Mais l’employeur n’est pas totalement démuni face aux conséquences de ces relations. Si la relation sentimentale provoque un désordre caractérisé dans l’entreprise (conflits, désorganisation, favoritisme flagrant, ébats amoureux ou sexuels sur le lieu de travail, perte de productivité…), alors il est possible de sanctionner les salariés concernés, mais ce n’est pas la relation elle-même qui justifie la sanction : c’est le trouble causé à l’ordre ou au fonctionnement de l’entreprise. La jurisprudence prévoit notamment que le licenciement n’est justifié que si le comportement des salariés trouble réellement le fonctionnement de l’entreprise. En revanche, des clauses imposant le célibat ou interdisant explicitement les relations amoureuses ont été déclarées nulles par la Cour de cassation.
Cas particuliers : hiérarchie, harcèlement et conflits d’intérêts
Les relations impliquant un lien hiérarchique (supérieur/subordonné) peuvent faire l’objet d’une attention particulière pour éviter les conflits d’intérêts ou les risques de favoritisme ou harcèlement.
Sur ce point, il faut être très vigilant. En effet, lorsque la relation n’est plus consentie de part et d’autre, celui ou celle qui refuse la poursuite de la relation pourrait invoquer un harcèlement moral ou sexuel qui pourrait fonder un licenciement. Nous vous renvoyons sur ce sujet à notre article Harcèlements : Jurisprudences récentes.
Quel impact pour les employeurs dans la pratique du licenciement ?
La clarification apportée par l’arrêt du 4 juin 2025 contraint désormais les employeurs à une vigilance accrue lors de l’engagement de procédures de licenciement impliquant des faits relevant de la vie privée ou des libertés fondamentales. Ils doivent s’assurer que les motifs invoqués sont strictement professionnels et justifiés par la nature du poste et l’intérêt de l’entreprise.
Le salarié bénéficie ainsi d’une protection renforcée, indépendamment de son ancienneté ou du motif de la rupture. L’indemnité minimale constitue un gage de réparation et un effet dissuasif contre les licenciements abusifs fondés sur des motifs discriminatoires ou attentatoires aux libertés fondamentales.
Évolutions jurisprudentielles à suivre sur la nullité du licenciement
L’arrêt du 4 juin 2025 s’inscrit dans une dynamique jurisprudentielle visant à garantir les droits fondamentaux des salariés, en cohérence avec les exigences de la CEDH et les évolutions du droit interne. Il prolonge le mouvement déjà amorcé par les arrêts sur le licenciement discriminatoire, le harcèlement moral ou sexuel, et l’engagement syndical protégé (Soc., 11 juin 2025, n°24-13.083).
Des questions persistent sur l’application stricte de ce régime aux autres motifs ou nullités prévues par l’article L.1235-3-1 du Code du travail, notamment dans les hypothèses d’abus de droit procédural ou de dénonciation de crimes et délits.
Synthèse : licenciement, vie privée et libertés fondamentales
En définitive, l’arrêt du 4 juin 2025 constitue un jalon majeur dans la jurisprudence sociale sur la protection des libertés fondamentales du salarié.
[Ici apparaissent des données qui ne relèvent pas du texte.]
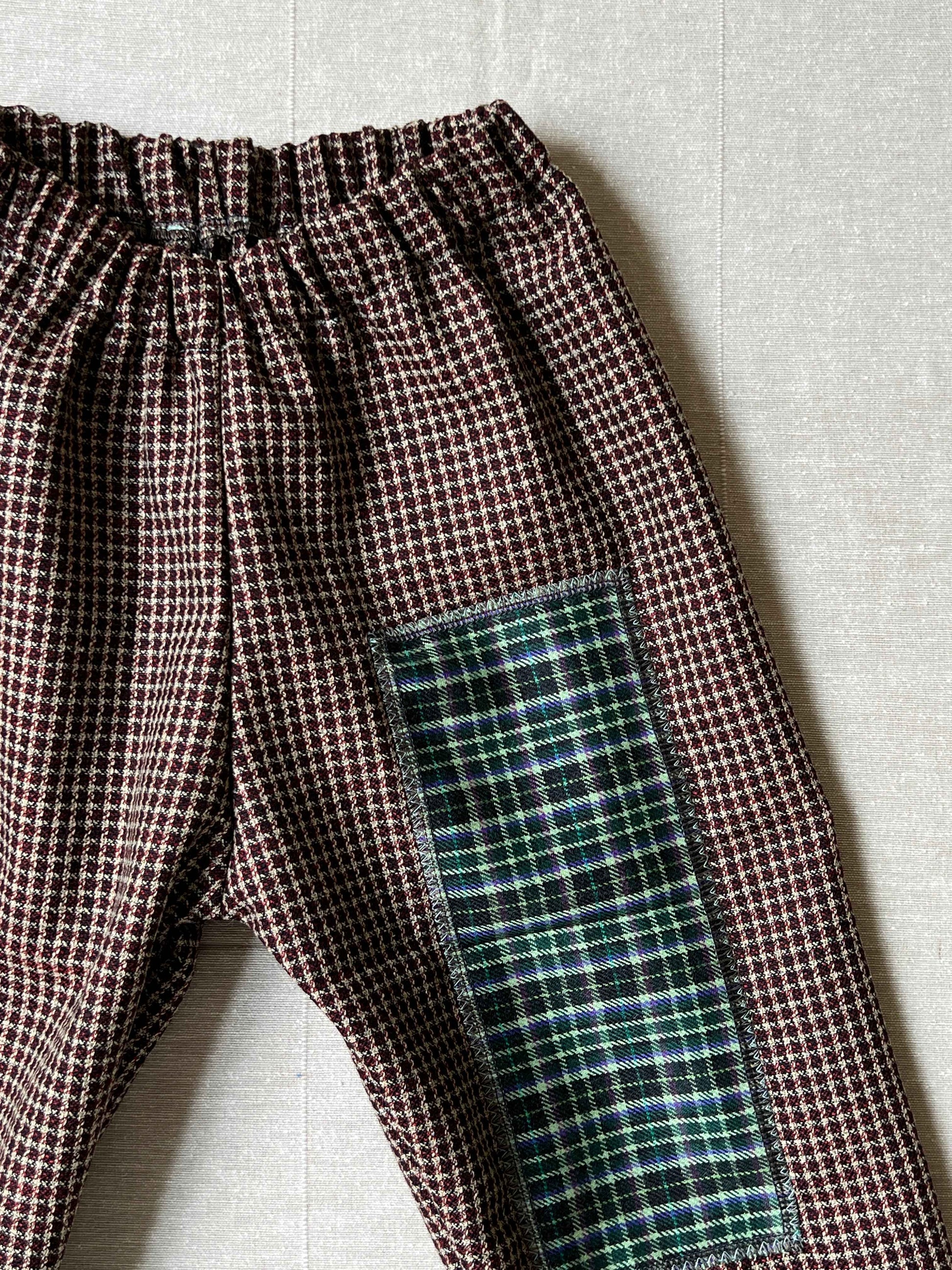 BUBBI BUKSER, ULD, 2-4år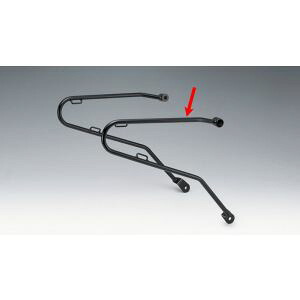【キジマ KIJIMA】 キジマ HTR-08005 バッグサポート ボンネビル T100 T120 S T BK ライト 5,087円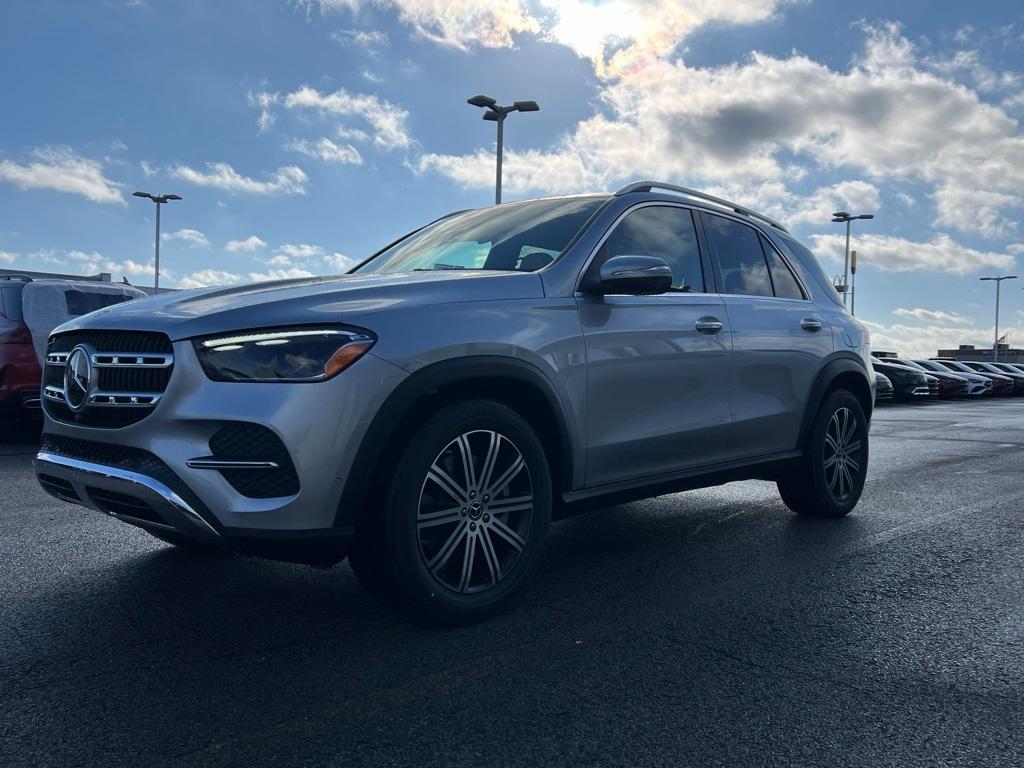 new 2025 Mercedes-Benz GLE 450e car, priced at $79,875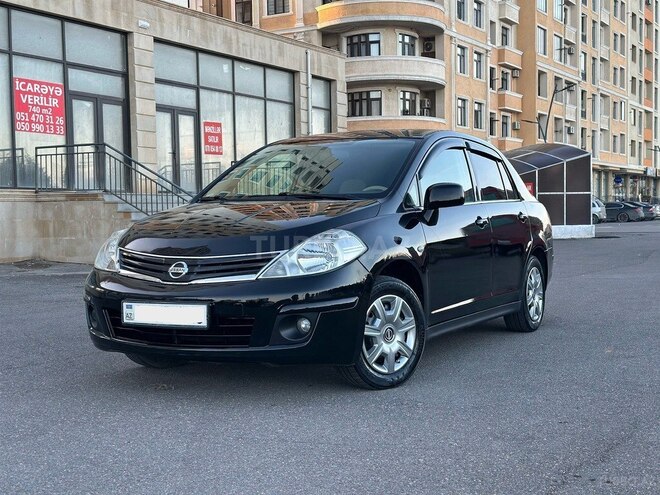 Nissan Tiida 2010, 194,000 km - 1.6 l - Bakı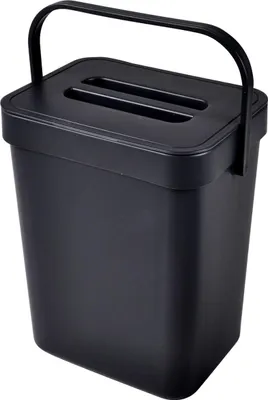 Produktbild von Küchenkomposter 5 L, mit Henkel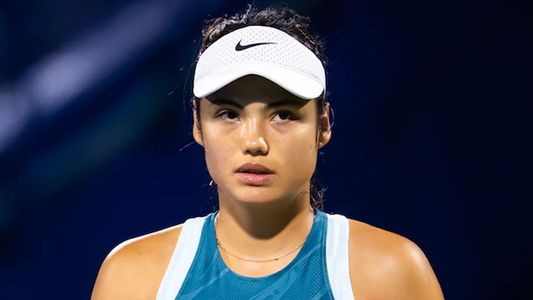 Desgarrador: el mensaje de la tenista que sufrió una crisis de pánico tras ver a su acosador durante un partido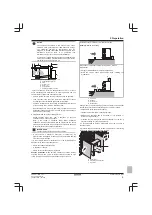 Предварительный просмотр 9 страницы Daikin Sky Air Active Series Installer'S Reference Manual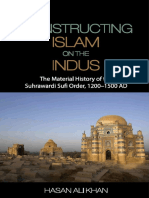 Constructing Islam On The Indus PDF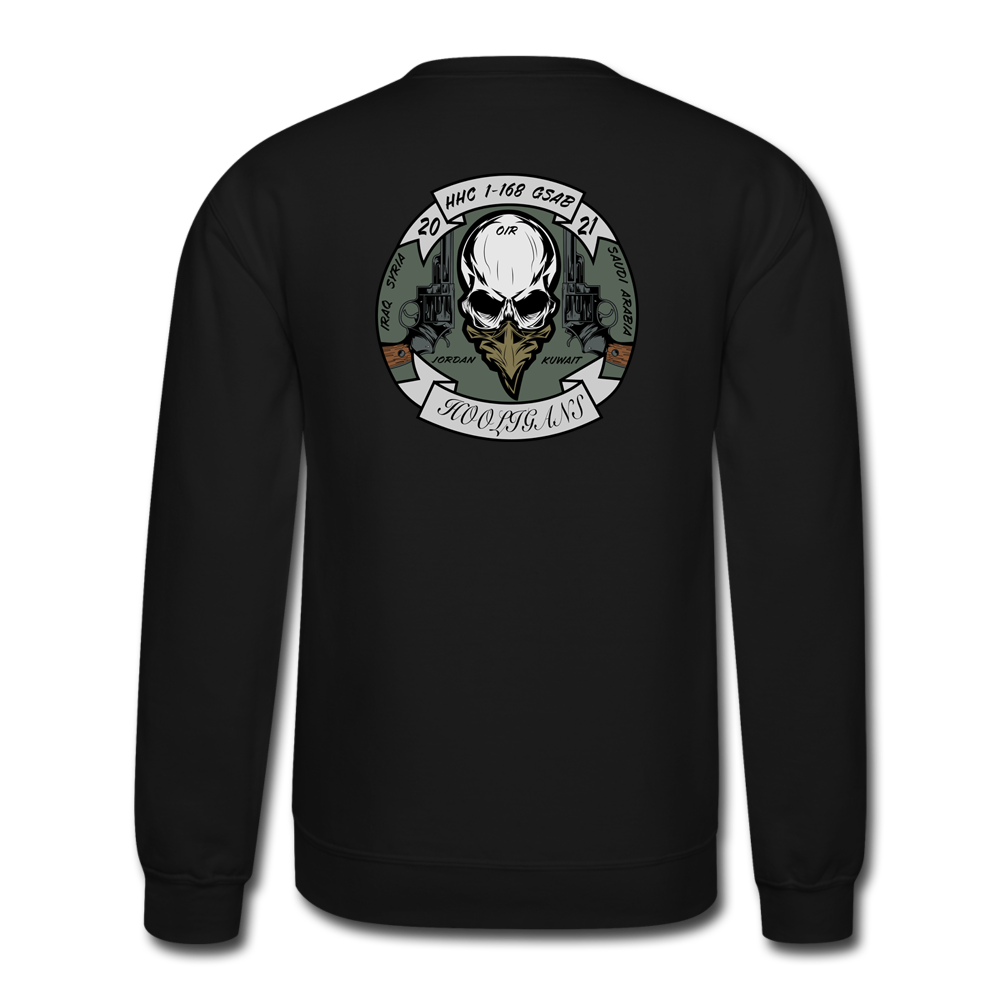 HHC 1-168 GSAB "Hooligans" Crewneck Sweatshirt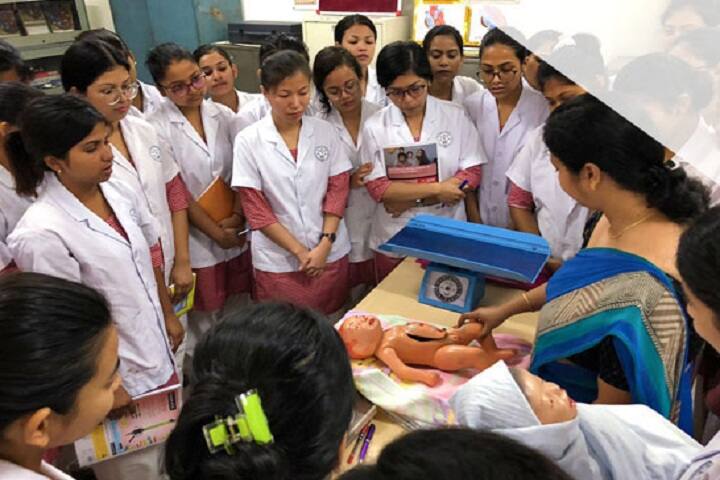 Regional College of Nursing, Guwahati campus photo 4
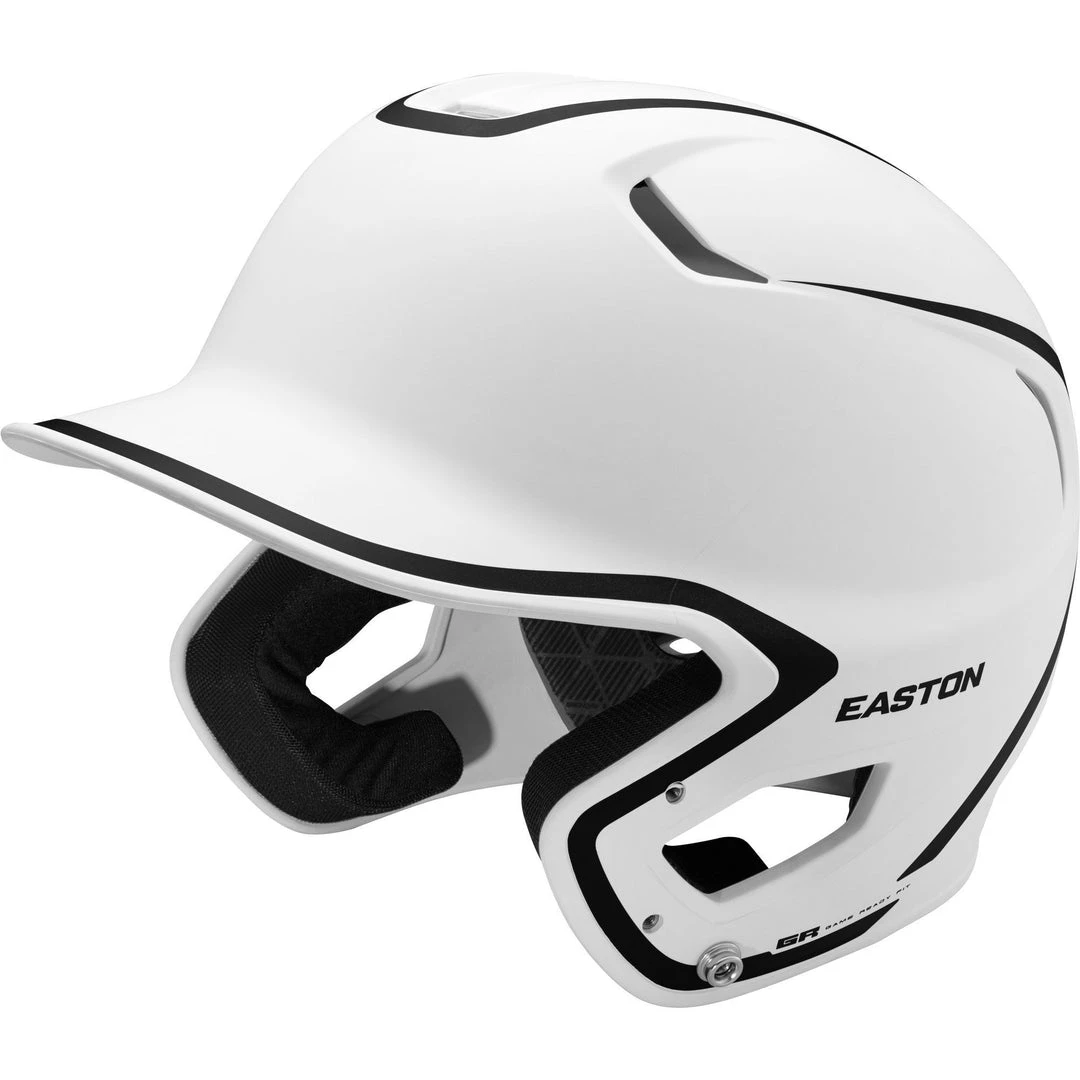 Easton Z5 2.0 Junior Two-Tone Matte Batting Helmet: A168509 Batting Helmets 15 Easton Z5 2.0 Junior Two-Tone Matte Batting Helmet: A168509 Batting Helmets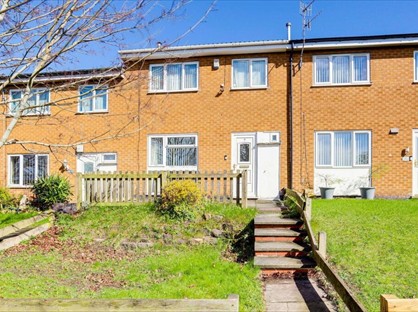 3 Bed Terraced House, Swinscoe Gardens, NG5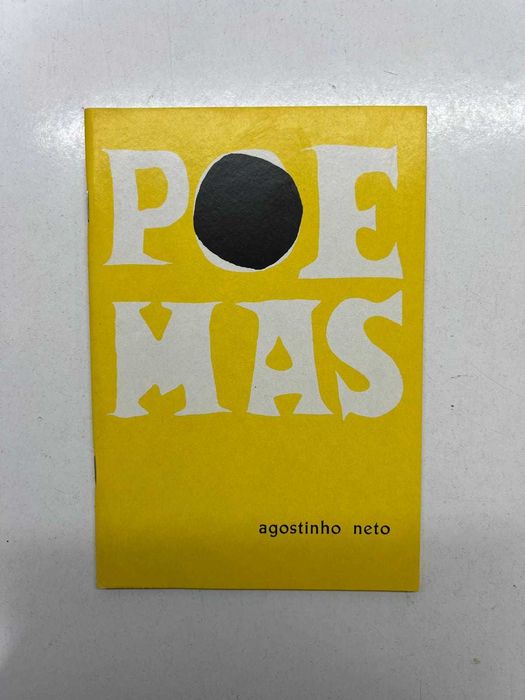 Livro - Poemas (Agostinho Neto) (ctt editorial grátis)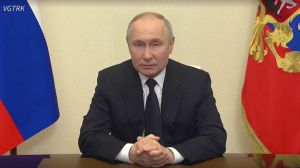 Putin condena el atentado y advierte: "A los terroristas les espera un destino funesto, venganza y olvido"
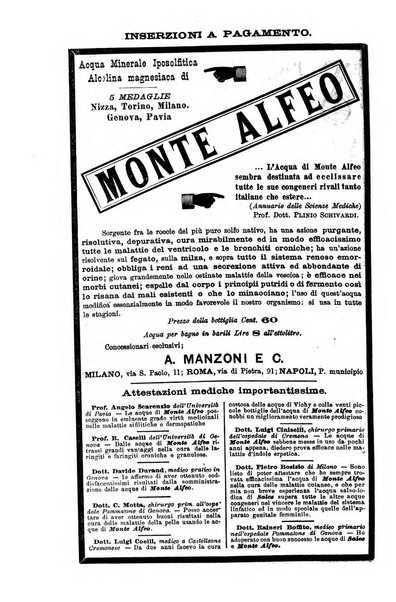 Il morgagni giornale indirizzato al progresso della medicina. Parte 2., Riviste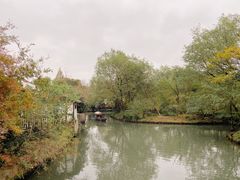 -西溪国家湿地公园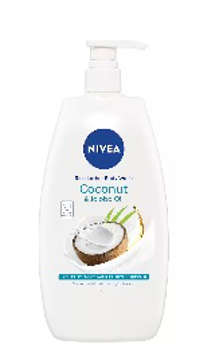 Picture of NIVEA SHOWER GEL COCONUT 250ML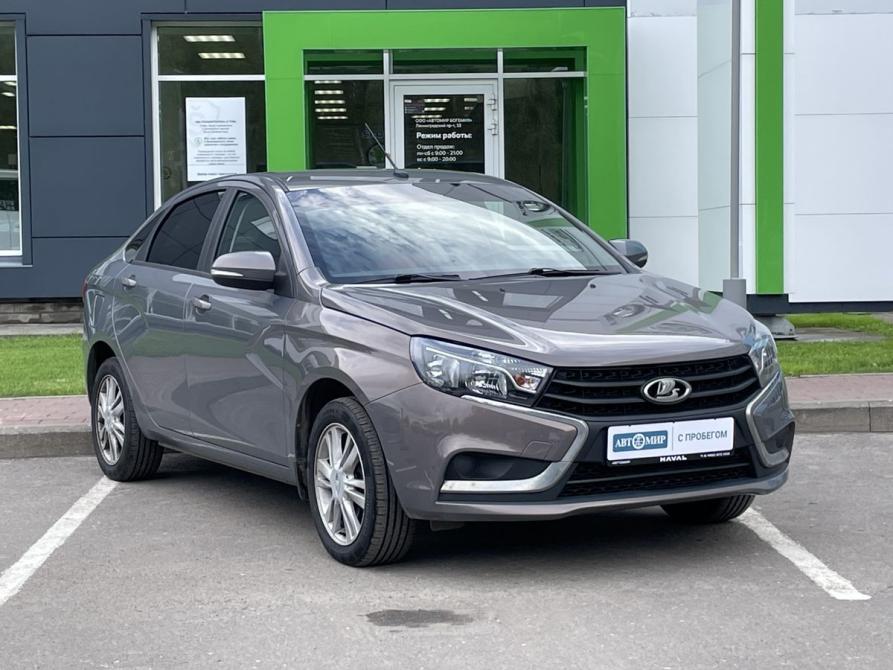 Lada (ВАЗ) Vesta I Ярославль  - изображение 3
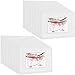 US Art Supply 24-Pack of 11 X 14 inch Professional Artist Quality Acid Free Canvas Panel Boards for Painting - 2-12-Packs (1 Full Case of 24 Single Canvas Board Panels) primary
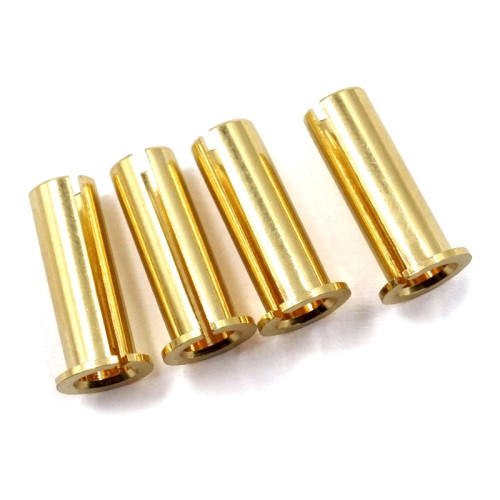 5 zu 4 mm Akku-Adapterstecker (4St) 5 zu 4 mm Akku-Adapterstecker (4St)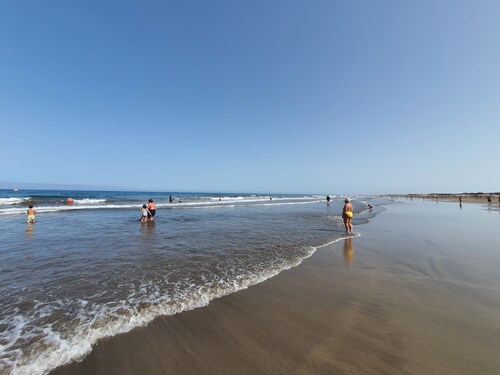 Apt Playa del Ingles Patronato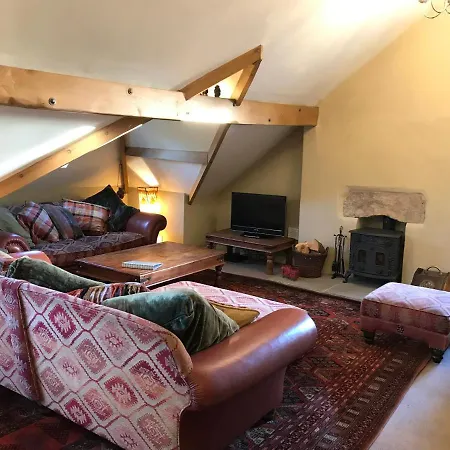 Appartement Moorgarth Hall Apartment, Ingleton, Yorkshire Dales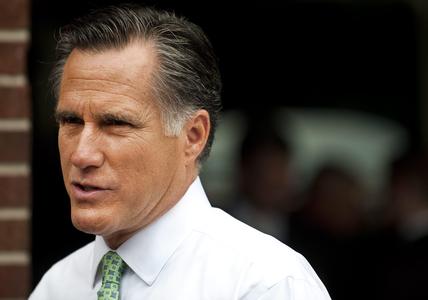 Usa, si dimette il portavoce di Romney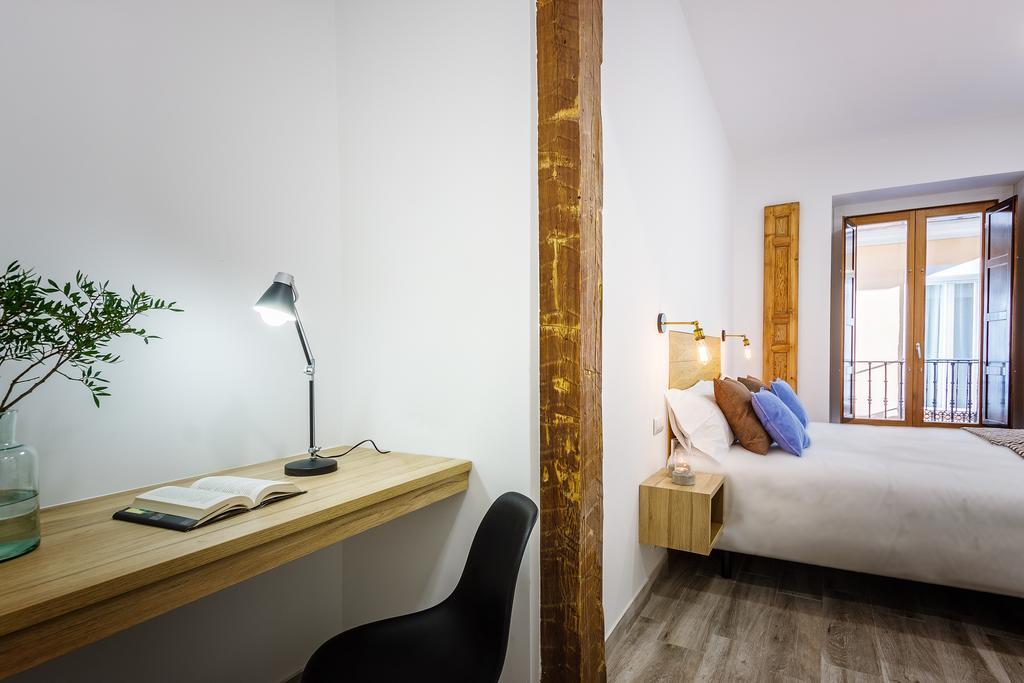 Jardines Boutique Hotel Madrid Exterior photo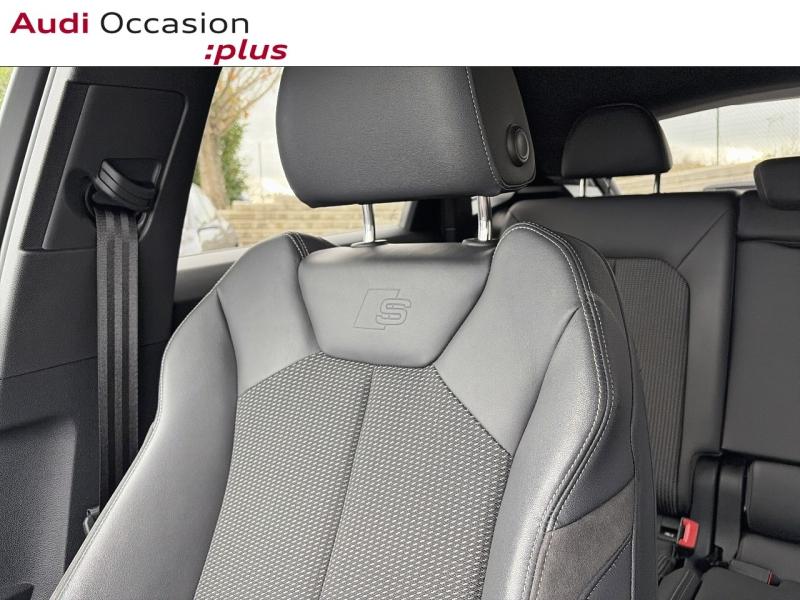 Voitures occasions Audi Q3 Sportback S line Cesson-Sévigné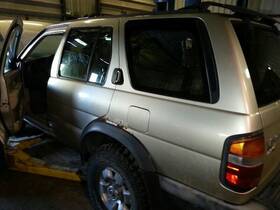 409-58831 Nissan Flywheel/flex Plate Automatic Transmission 3.3l Fits 97-02 Pathfinder 1685453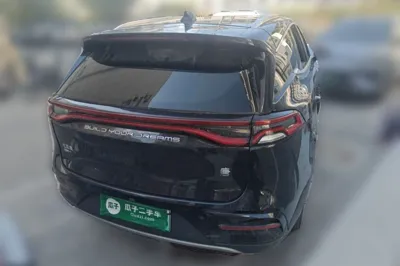 BYD Tang New Energy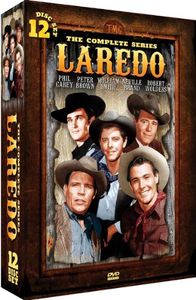 Laredo: The Complete Series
Il consacre l’invulnérabilité du contrat de travail face aux actes de rupture motivés par des considérations étrangères à la sphère professionnelle et renforce la grille d’indemnisation protectrice instituée par l’article L.1235-3-1 du Code du travail.
Ce renforcement du contrôle judiciaire participe d’une dynamique plus large de protection du salarié, où la prééminence des libertés fondamentales s’impose dans le droit du travail. Pour les praticiens, il invite à une rigueur renforcée dans la motivation des licenciements et à une anticipation des risques juridiques liés à la gestion des relations individuelles de travail.